-- What is being asked --
Give back a single number: the count of lines in the data that contain the string "Photo".

§ §

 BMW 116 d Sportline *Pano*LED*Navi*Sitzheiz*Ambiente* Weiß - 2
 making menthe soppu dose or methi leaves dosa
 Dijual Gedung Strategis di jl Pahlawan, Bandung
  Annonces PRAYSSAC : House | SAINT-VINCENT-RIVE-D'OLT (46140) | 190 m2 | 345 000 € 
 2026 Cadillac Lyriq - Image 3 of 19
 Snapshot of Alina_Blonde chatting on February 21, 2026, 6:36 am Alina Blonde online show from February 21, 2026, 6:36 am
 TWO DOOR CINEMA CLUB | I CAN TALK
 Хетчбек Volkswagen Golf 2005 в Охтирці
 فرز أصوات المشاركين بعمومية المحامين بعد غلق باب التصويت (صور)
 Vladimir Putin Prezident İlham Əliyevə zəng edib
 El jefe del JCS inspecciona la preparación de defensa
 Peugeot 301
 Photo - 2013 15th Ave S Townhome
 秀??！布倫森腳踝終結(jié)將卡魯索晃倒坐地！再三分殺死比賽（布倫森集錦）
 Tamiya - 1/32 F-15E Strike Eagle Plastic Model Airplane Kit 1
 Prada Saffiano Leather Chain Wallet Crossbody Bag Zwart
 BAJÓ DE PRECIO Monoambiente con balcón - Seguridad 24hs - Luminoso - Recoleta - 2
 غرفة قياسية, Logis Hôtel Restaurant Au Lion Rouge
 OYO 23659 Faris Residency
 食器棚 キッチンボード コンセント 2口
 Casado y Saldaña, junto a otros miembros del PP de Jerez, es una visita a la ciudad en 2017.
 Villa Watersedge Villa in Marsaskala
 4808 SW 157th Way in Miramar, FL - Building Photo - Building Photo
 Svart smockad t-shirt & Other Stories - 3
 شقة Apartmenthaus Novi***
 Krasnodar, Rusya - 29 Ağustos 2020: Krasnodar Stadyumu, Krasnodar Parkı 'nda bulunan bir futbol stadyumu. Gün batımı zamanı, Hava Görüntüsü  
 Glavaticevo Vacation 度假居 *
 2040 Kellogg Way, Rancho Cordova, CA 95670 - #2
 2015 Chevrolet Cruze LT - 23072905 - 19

§ §

-- Reply to the exercise --
2